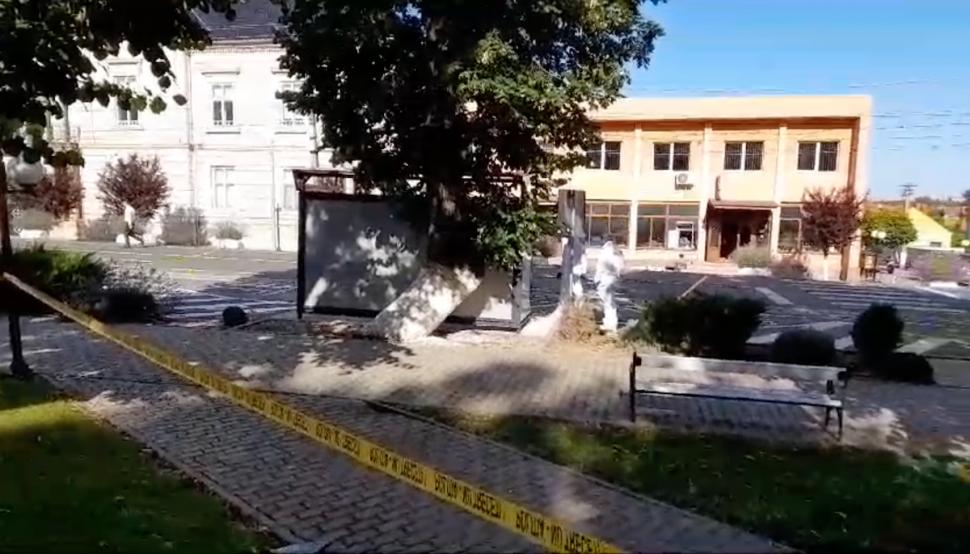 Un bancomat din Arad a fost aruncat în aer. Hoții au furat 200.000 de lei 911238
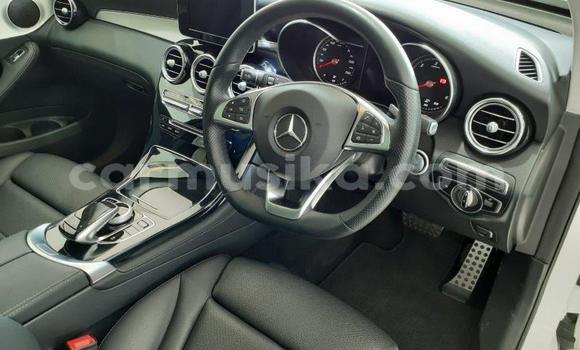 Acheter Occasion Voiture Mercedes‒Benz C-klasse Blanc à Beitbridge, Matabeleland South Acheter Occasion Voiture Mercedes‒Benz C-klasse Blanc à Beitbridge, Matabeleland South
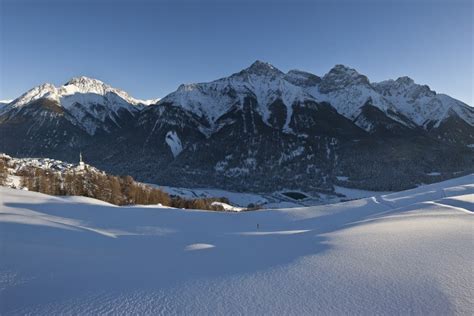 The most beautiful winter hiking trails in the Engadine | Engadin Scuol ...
━━━━━━━━━━
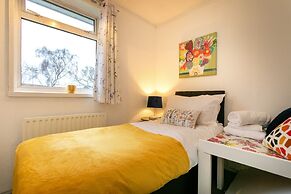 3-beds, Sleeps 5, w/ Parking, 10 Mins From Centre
━━━━━━━━━━
**INSTRUCTIONS TO FOLLOW**.
Copy the entries above exactly, but only the stretch from the line containing "Matabeleland South Acheter" through the line containing "The most beautiful". Keep both end lines; drop the pictures.

**EXERCISE RESULT**.
 Acheter Occasion Voiture Mercedes‒Benz C-klasse Blanc à Beitbridge, Matabeleland South Acheter Occasion Voiture Mercedes‒Benz C-klasse Blanc à Beitbridge, Matabeleland South
 The most beautiful winter hiking trails in the Engadine | Engadin Scuol ...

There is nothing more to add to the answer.